Activity: This task calls for the lines below starting at the one containing "Rooftop terrace - WD hotel (Jinhu)" and ending at the one containing "3 Bed 2 Bath", repeated exactly with both ends kept and pictures left out.
----- Working data
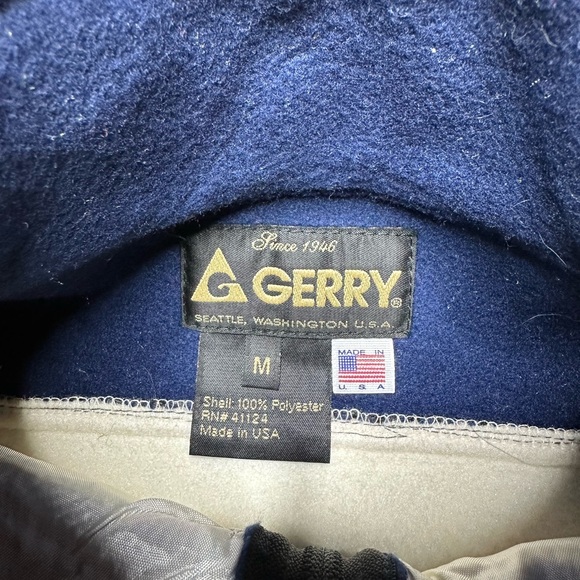 Fleece Vest - Picture 4 of 5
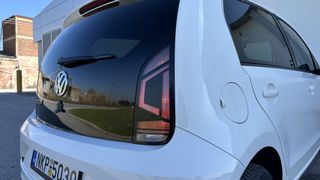 Volkswagen Up 2017-thumb-33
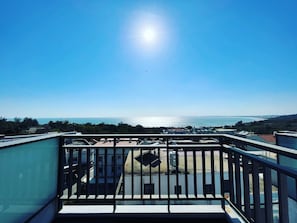 Rooftop terrace - WD hotel (Jinhu)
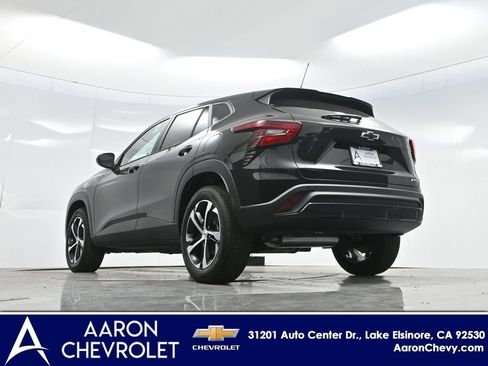 New 2026 Chevrolet Trax RS w/ Sunroof Package FWD image 65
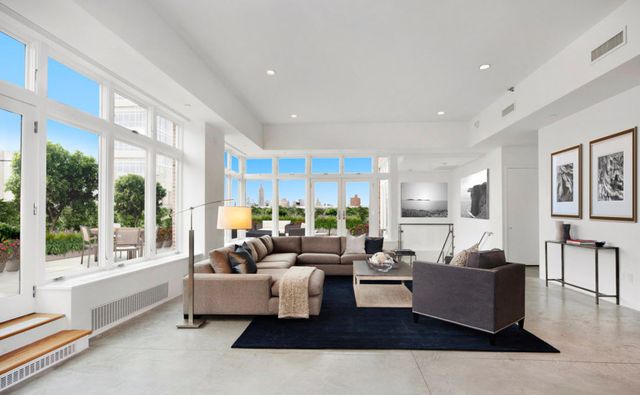 Oto nowe mieszkanie Rihanny (ZDJĘCIA)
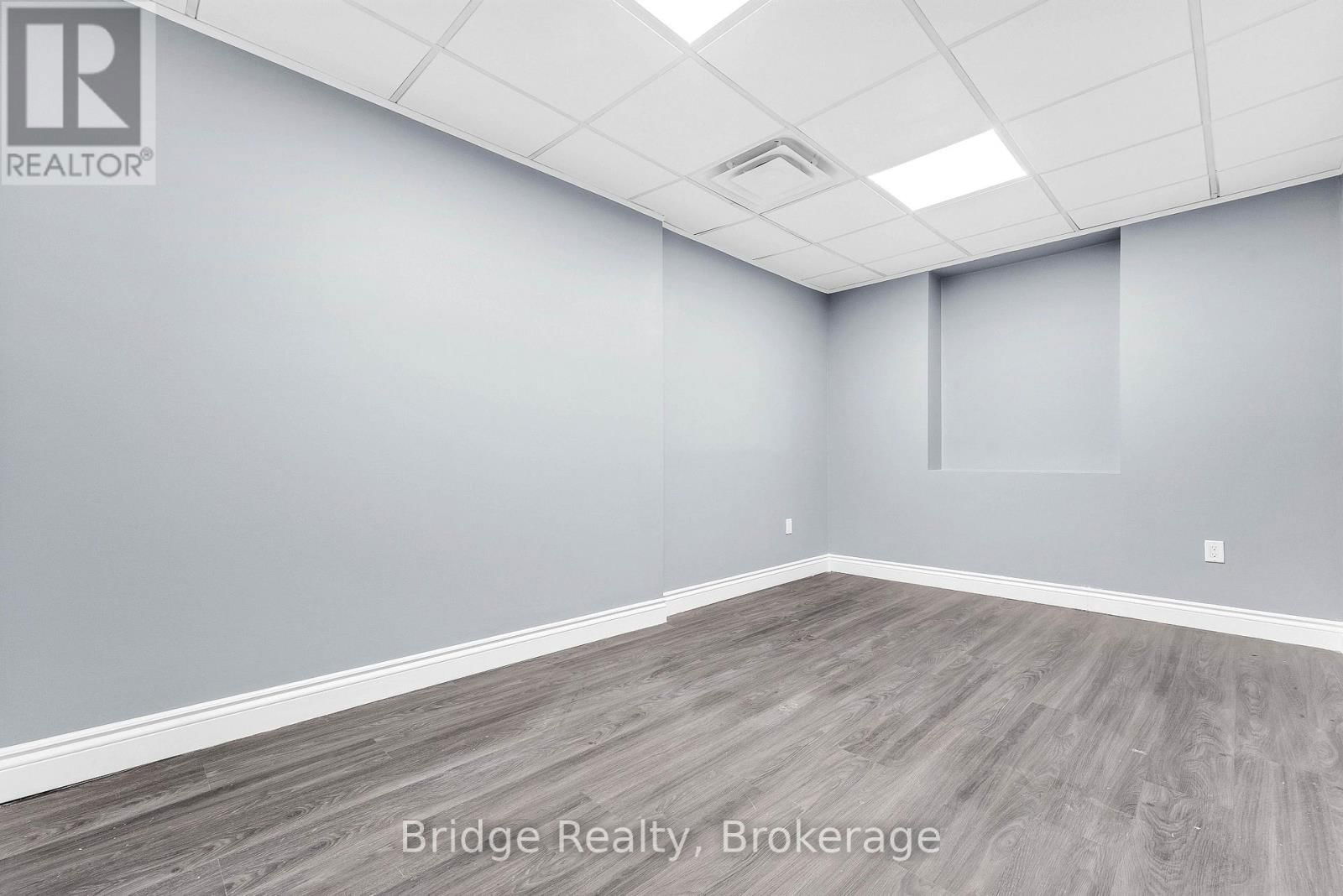 290 DUNDAS STREET Image 20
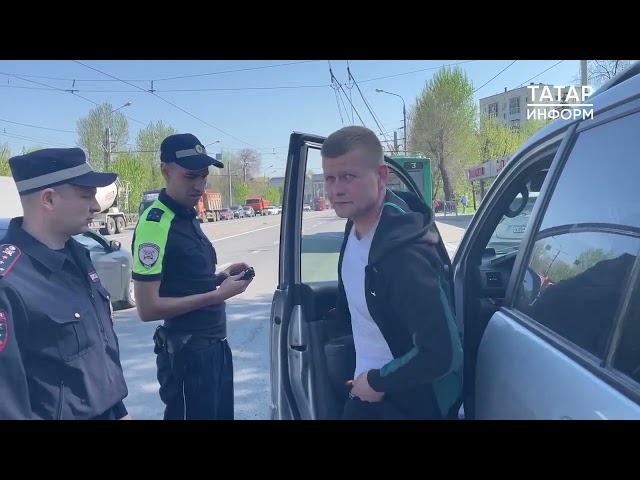 Сотрудники ДПС в рейде по тонировке замеряют светопропускаемость стекла у водителя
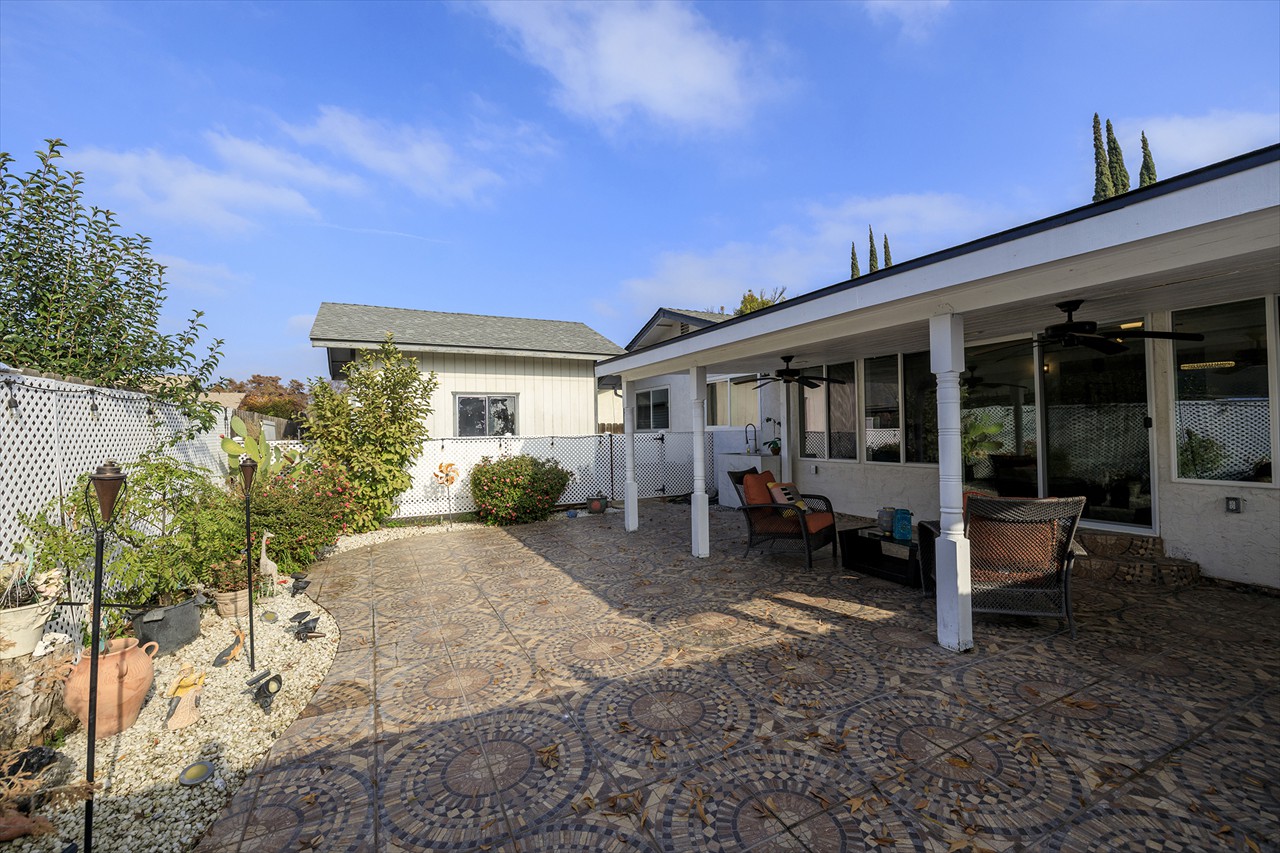3 Bed 2 Bath 1718 Sq Ft on .1761 Acre $498,988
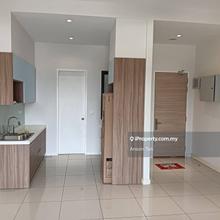 Well Kept Partially Furnished v Fridge 3 Parking Nearby MRT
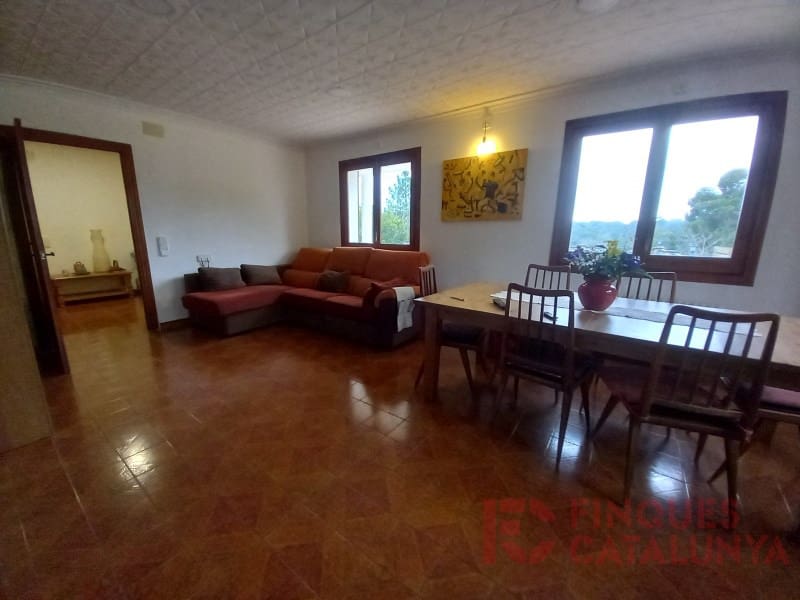 4 sypialnia Finka/Dom wiejski na sprzedaż w Llambilles z garażem - 642 950 € (Ref: 9433567)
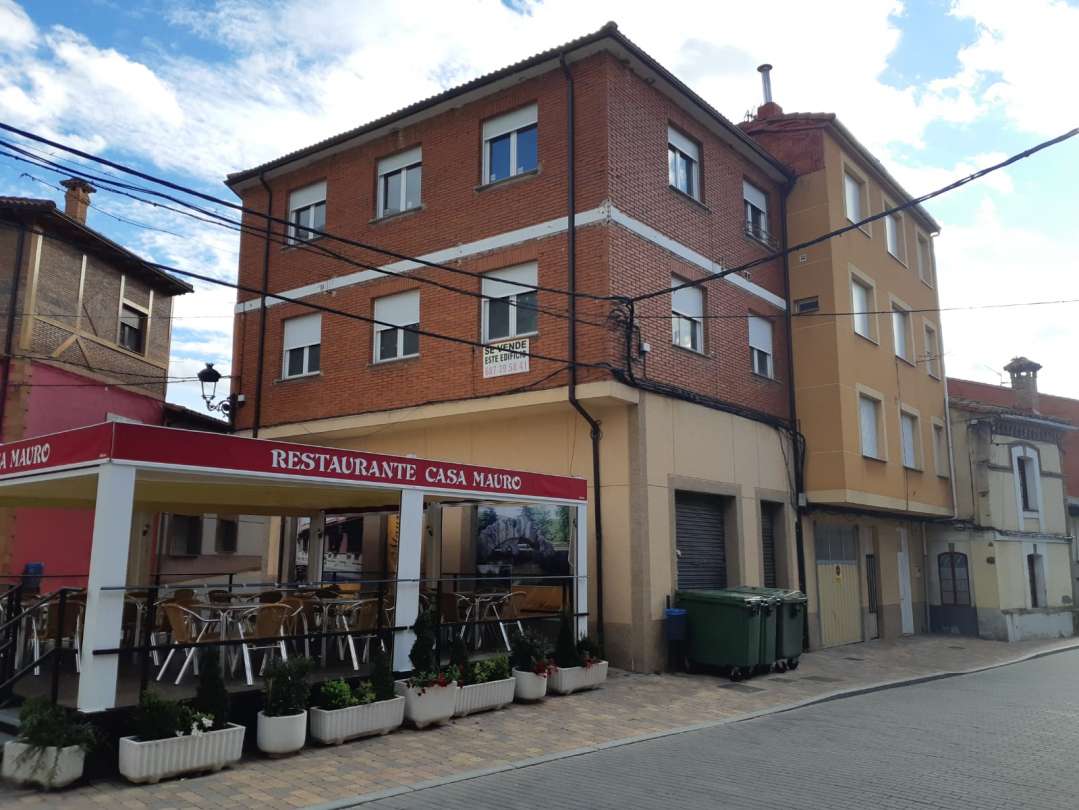 Hôtel à Guardo, Spain 550m² No. 62599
----------
Solution:
 Rooftop terrace - WD hotel (Jinhu)
 New 2026 Chevrolet Trax RS w/ Sunroof Package FWD image 65
 Oto nowe mieszkanie Rihanny (ZDJĘCIA)
 290 DUNDAS STREET Image 20
 Сотрудники ДПС в рейде по тонировке замеряют светопропускаемость стекла у водителя
3 Bed 2 Bath 1718 Sq Ft on .1761 Acre $498,988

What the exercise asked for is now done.